* _Try it_: Copy all the records exactly, but keep the pictures out of your version.

* _Available data_:
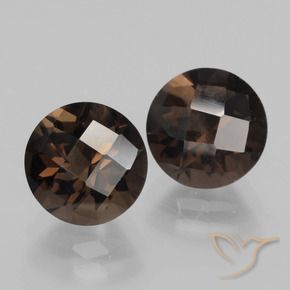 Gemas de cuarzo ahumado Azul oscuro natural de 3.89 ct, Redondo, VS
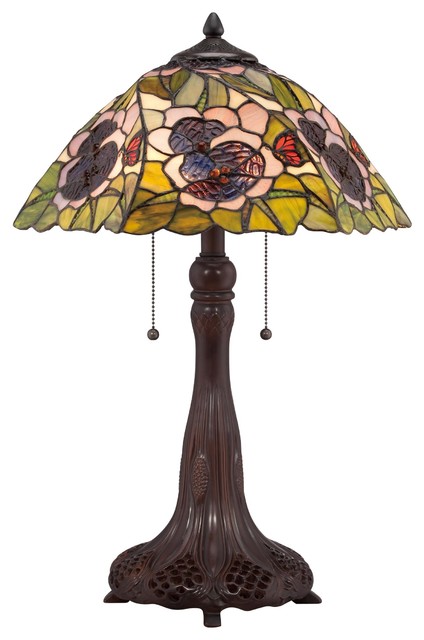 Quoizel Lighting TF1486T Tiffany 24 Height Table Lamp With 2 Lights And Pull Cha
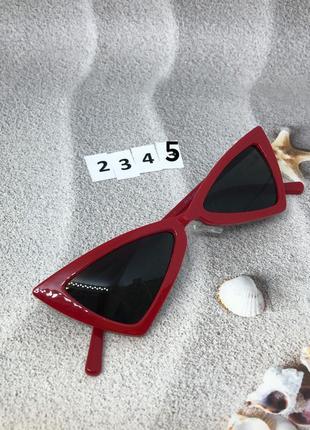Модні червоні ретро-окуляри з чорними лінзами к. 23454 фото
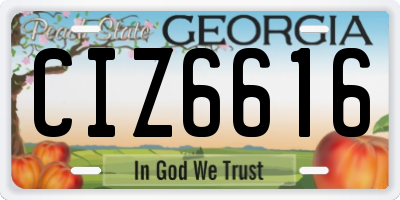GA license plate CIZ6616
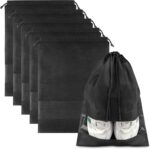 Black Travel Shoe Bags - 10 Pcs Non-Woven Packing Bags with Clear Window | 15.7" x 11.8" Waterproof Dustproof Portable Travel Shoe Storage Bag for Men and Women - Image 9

* _Completed exercise_:
 Gemas de cuarzo ahumado Azul oscuro natural de 3.89 ct, Redondo, VS
 Quoizel Lighting TF1486T Tiffany 24 Height Table Lamp With 2 Lights And Pull Cha
Модні червоні ретро-окуляри з чорними лінзами к. 23454 фото
GA license plate CIZ6616
 Black Travel Shoe Bags - 10 Pcs Non-Woven Packing Bags with Clear Window | 15.7" x 11.8" Waterproof Dustproof Portable Travel Shoe Storage Bag for Men and Women - Image 9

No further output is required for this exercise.